One often feels forced to form opinions about the relationship between technology and magic through analogy. Any “reasonable person" knows that summoning demons is fiction—but flying robots that kill people using invisible beams of light are completely real. One way to talk about magic in this complicated terrain of reality and virtuality is from an academic standpoint, like at the recent conference, Haunted Machines, in which the “narratives of myth, magic and haunting around technology” are explored as narratives, using these theoretical gloves to maintain the barrier between fact and fiction.

But art allows one to get closer. Works like Joshua Madara’s Planetary Keys and Generative Sigil blend making with conjuring, taking the hypothesis that there could be a relationship between magic and technology to its proof-of-concept point, creating sigil-generating programs and symbolic computer interfaces in actuality, although the artist leaves the actual use of these objects open to interpretation.
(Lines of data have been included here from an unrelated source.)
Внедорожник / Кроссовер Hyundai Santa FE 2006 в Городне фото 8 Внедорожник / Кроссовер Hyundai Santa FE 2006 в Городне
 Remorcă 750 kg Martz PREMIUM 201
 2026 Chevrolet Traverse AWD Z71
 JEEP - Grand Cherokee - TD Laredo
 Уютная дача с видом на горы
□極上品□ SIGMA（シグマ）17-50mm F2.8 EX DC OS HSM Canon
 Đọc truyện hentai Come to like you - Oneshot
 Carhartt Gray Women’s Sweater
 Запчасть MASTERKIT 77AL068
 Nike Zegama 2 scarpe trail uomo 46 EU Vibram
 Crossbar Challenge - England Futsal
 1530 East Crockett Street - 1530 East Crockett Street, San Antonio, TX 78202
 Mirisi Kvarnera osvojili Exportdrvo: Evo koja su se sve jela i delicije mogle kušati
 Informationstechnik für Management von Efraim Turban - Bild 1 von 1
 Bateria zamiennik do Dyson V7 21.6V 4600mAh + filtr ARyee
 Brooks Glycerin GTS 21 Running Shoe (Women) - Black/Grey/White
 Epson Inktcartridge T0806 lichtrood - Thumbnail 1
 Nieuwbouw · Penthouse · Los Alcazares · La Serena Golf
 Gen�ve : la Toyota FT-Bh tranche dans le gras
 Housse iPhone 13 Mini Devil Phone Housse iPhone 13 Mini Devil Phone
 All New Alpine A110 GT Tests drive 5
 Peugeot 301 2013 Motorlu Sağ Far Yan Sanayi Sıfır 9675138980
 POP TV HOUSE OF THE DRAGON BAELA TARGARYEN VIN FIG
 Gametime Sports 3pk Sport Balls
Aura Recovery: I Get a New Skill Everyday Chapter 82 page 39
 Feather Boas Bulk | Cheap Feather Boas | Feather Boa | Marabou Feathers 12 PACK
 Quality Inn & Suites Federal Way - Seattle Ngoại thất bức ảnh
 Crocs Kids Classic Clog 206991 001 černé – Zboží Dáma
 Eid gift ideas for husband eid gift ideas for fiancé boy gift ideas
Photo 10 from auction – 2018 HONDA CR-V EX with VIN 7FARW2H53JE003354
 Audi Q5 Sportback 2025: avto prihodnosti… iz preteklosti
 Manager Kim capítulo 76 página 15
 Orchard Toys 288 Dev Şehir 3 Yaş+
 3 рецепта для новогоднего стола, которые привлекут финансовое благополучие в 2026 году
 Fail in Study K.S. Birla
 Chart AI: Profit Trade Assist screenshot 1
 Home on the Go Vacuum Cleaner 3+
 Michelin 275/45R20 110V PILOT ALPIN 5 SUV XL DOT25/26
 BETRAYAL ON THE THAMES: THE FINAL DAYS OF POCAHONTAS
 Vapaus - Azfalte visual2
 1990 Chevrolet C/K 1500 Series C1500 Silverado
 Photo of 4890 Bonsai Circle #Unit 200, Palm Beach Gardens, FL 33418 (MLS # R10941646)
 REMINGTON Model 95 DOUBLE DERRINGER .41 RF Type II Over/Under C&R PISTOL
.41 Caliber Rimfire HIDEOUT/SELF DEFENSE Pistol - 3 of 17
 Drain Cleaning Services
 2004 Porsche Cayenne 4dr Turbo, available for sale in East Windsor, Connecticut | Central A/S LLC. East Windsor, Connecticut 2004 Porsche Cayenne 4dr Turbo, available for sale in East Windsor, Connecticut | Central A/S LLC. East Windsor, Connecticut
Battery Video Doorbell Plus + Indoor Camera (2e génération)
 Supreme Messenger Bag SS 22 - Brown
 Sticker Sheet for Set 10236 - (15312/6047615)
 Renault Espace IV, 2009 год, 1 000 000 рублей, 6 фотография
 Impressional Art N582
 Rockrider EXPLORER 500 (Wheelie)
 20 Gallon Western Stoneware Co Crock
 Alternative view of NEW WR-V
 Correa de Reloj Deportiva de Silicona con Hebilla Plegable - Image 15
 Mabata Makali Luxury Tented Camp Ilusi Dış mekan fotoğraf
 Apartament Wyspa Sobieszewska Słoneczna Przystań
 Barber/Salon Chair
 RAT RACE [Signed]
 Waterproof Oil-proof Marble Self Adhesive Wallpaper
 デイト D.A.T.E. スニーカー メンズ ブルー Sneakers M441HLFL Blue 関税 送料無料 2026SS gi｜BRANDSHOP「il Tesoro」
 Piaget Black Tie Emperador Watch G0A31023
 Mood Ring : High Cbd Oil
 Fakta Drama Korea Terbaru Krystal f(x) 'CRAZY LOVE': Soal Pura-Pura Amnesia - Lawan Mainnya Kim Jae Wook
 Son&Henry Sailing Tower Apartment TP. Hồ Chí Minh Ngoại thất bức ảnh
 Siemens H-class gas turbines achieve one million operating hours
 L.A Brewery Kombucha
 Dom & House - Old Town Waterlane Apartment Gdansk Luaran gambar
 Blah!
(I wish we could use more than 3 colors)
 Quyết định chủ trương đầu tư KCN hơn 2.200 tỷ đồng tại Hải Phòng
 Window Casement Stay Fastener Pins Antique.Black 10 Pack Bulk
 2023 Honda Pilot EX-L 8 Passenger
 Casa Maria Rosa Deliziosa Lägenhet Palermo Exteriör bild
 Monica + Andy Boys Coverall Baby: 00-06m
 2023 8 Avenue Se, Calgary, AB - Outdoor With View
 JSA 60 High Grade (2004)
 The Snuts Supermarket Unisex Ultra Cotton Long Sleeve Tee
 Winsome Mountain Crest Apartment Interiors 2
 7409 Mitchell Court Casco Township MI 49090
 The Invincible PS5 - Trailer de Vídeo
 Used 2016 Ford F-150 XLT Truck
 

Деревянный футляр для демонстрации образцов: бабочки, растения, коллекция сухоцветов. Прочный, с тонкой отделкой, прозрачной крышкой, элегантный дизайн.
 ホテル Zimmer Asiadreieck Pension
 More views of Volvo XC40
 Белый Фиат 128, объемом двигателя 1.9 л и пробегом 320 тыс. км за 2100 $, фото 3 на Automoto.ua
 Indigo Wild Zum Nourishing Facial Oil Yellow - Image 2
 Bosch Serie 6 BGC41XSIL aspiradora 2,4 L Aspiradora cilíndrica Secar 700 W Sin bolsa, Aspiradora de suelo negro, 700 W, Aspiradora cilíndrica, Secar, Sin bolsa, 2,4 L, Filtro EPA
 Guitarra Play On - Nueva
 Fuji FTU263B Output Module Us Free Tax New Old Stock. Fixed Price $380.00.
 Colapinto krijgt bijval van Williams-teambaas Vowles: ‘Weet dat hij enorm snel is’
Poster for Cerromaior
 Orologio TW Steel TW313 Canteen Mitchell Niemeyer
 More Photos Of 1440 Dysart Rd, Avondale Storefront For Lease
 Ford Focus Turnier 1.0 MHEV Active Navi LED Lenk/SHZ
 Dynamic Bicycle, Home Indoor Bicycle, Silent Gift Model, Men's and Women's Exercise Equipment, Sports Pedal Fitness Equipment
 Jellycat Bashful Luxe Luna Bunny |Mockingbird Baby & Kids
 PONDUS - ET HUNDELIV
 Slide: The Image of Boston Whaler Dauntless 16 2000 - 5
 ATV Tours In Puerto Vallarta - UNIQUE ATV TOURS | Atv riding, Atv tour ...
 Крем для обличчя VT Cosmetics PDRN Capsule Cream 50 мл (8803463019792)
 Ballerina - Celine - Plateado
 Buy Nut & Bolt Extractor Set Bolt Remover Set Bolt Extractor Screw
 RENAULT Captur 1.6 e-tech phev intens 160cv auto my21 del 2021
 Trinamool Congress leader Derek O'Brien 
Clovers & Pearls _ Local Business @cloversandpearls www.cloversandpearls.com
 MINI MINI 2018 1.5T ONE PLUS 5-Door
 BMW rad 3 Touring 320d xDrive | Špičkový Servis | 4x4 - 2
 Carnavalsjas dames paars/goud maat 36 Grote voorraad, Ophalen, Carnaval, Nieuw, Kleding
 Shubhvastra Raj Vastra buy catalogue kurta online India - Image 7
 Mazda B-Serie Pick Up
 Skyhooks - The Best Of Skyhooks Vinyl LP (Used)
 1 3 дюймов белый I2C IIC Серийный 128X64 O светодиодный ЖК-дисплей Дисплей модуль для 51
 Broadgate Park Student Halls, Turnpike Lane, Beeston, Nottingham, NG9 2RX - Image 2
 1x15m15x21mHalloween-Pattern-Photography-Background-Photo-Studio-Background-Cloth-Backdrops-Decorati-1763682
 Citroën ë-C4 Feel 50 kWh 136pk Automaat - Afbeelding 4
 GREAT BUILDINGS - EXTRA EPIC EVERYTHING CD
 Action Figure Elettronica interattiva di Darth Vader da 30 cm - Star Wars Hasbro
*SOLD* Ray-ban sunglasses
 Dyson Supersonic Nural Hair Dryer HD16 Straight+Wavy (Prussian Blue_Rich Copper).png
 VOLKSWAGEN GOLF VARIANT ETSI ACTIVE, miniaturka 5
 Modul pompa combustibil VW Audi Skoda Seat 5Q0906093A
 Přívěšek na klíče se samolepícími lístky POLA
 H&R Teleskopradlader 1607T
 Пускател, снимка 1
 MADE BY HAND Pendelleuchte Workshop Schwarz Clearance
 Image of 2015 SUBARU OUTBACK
And then there is the point at which the art simply begins to do magic. In certain instances, there is no need to create an interface between the technology and the magic, because they are one and the same. One day in 2013, artist Eliza Gauger offered, via Tumblr, to draw sigils in response to problems people submitted—a riff on a common ask-and-respond meme form popular on the social network. The response was overwhelming. Months later, with financial support from her audience via the crowdfunding site Patreon, Problem Glyphs was born.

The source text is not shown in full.